▶ DATA TO PROCESS:
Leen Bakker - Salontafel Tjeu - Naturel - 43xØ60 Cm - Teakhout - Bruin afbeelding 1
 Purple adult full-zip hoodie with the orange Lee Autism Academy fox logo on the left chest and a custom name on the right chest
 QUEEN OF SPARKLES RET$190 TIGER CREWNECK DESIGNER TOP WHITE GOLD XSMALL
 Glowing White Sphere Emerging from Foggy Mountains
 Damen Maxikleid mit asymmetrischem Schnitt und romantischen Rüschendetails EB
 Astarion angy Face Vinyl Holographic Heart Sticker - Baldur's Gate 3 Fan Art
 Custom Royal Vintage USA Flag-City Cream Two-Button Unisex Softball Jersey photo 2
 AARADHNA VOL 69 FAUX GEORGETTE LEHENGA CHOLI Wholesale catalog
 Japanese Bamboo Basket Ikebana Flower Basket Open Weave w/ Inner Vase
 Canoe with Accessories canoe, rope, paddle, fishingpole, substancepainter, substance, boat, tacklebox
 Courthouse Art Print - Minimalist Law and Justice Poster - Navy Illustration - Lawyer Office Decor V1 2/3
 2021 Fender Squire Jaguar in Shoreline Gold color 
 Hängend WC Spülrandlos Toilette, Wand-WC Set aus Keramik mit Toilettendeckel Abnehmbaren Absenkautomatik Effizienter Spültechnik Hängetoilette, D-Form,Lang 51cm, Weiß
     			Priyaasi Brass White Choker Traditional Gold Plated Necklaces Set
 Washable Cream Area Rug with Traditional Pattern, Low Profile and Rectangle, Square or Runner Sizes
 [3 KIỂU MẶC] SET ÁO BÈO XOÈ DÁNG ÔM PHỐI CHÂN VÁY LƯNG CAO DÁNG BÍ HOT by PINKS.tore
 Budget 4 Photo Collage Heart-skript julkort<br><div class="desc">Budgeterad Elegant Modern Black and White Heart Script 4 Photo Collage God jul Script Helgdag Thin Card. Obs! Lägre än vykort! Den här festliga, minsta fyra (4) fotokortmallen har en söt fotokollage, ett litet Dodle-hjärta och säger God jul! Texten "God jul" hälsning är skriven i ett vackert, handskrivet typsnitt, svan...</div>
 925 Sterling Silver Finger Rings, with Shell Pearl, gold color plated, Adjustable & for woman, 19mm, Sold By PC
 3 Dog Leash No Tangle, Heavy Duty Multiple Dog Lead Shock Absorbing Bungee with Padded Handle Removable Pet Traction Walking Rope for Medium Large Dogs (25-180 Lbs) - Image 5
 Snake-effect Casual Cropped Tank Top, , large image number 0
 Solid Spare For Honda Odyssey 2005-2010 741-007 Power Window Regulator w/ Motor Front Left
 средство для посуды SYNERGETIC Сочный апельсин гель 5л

▶ TO DO: A bare number is the whole answer: how many lines in the entries contain "Traditional"?

▶ ANSWER SPACE: 2